Copy out the data below from the line containing "Ekranas Huawei Honor" to the line containing "7Pcs Panties for", both lines included, with all images left out.
--- Material to process ---
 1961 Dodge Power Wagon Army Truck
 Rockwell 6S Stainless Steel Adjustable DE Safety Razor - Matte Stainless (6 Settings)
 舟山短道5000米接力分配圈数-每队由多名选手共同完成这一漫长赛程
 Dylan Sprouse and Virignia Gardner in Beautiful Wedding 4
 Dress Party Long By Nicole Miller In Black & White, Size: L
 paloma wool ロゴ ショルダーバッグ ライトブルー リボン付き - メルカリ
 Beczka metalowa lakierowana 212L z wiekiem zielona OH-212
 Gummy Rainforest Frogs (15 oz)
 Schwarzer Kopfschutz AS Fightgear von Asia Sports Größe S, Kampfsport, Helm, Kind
---
--- Material to process ---
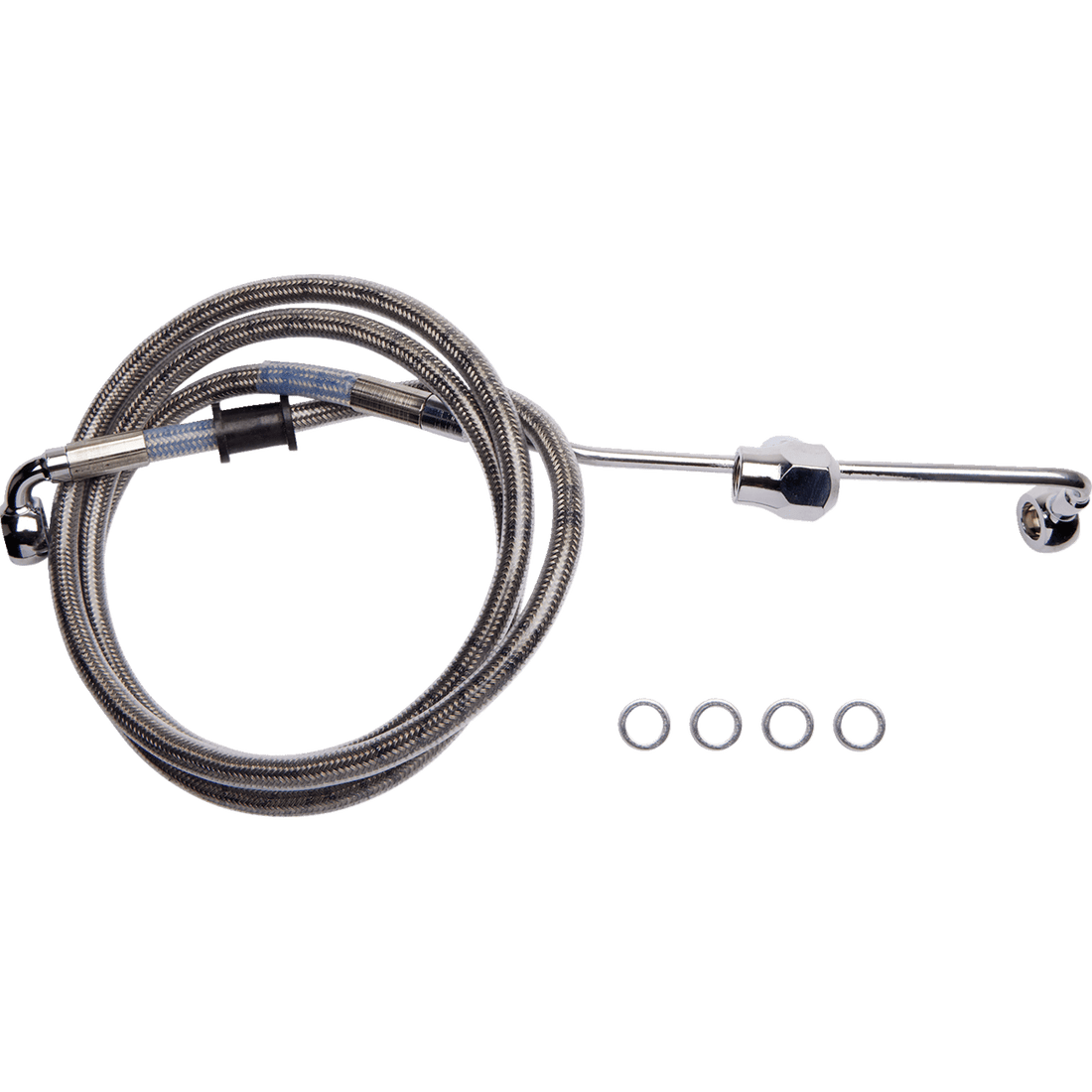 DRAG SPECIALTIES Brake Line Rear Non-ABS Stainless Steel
---
--- Material to process ---
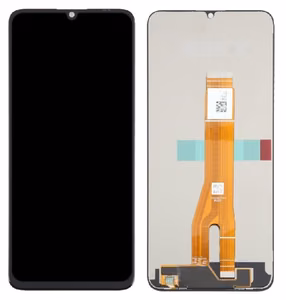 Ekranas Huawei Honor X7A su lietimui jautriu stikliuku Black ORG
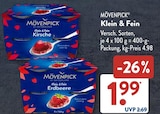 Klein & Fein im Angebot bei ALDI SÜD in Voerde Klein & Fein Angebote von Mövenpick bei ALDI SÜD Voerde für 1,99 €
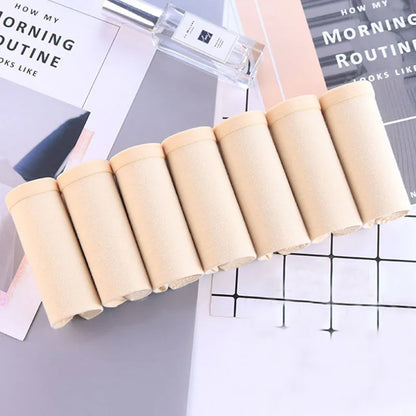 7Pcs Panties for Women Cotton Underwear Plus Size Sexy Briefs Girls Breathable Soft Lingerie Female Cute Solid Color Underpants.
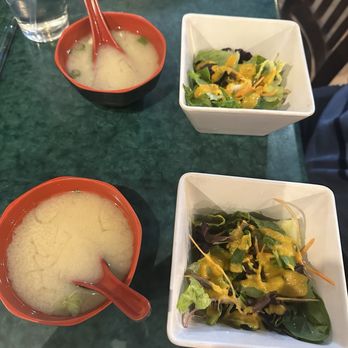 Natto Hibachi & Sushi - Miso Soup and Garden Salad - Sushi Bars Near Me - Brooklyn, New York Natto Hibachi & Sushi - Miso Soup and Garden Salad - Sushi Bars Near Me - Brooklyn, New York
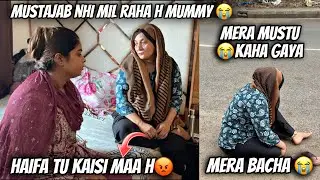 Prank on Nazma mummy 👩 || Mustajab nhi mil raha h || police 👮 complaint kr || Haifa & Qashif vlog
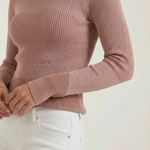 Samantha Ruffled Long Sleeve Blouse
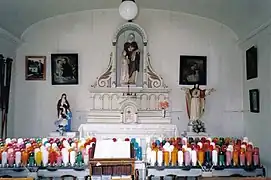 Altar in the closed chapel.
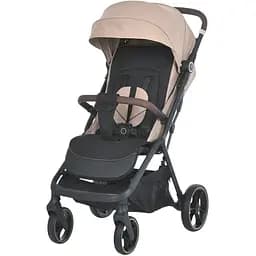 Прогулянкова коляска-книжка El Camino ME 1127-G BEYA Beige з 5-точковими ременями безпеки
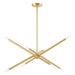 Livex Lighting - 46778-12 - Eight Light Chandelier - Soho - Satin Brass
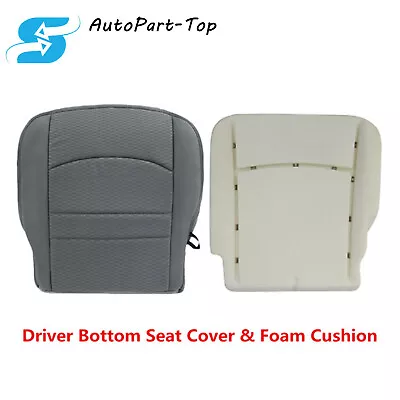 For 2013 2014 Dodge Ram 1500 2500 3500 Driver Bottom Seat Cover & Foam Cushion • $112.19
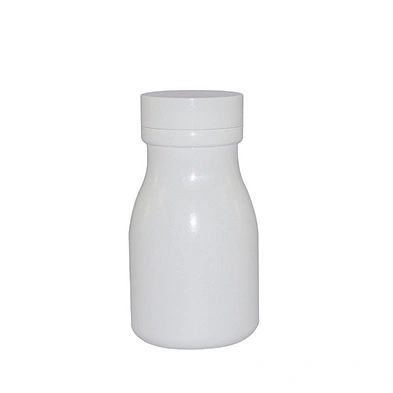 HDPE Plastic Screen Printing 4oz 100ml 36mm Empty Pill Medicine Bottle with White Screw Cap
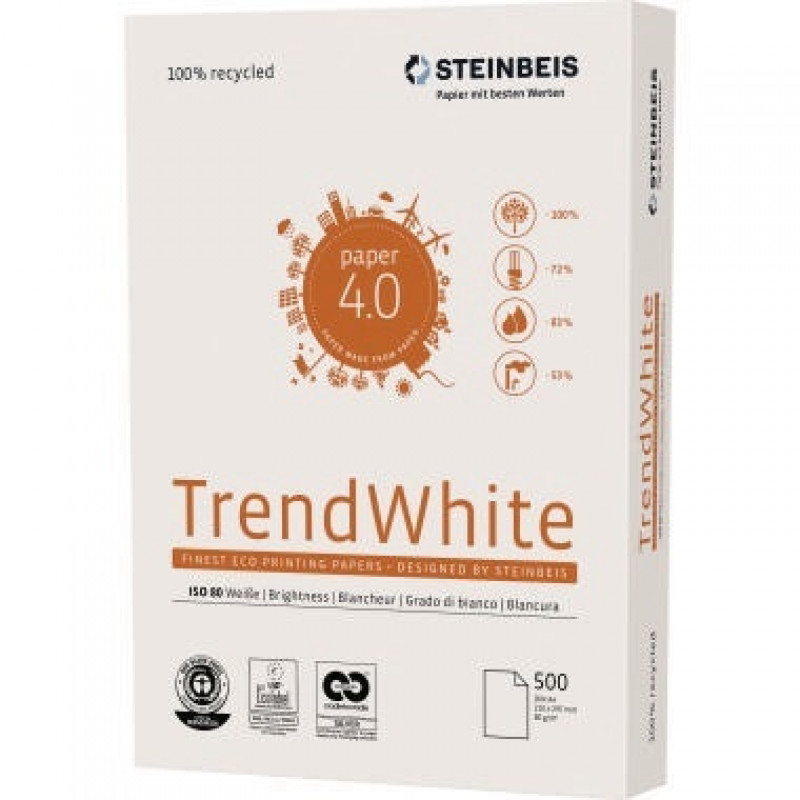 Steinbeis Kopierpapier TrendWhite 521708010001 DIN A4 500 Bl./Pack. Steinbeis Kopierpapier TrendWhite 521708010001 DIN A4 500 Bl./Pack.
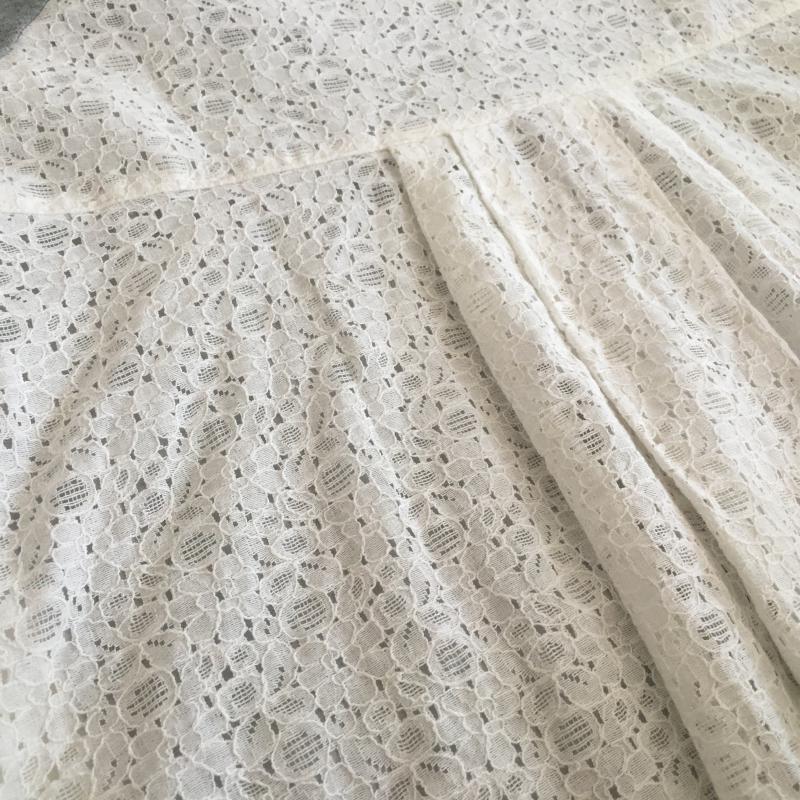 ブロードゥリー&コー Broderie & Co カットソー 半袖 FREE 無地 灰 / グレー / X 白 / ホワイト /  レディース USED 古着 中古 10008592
---
[Written answer]
 Ekranas Huawei Honor X7A su lietimui jautriu stikliuku Black ORG
 Klein & Fein im Angebot bei ALDI SÜD in Voerde Klein & Fein Angebote von Mövenpick bei ALDI SÜD Voerde für 1,99 €
 7Pcs Panties for Women Cotton Underwear Plus Size Sexy Briefs Girls Breathable Soft Lingerie Female Cute Solid Color Underpants.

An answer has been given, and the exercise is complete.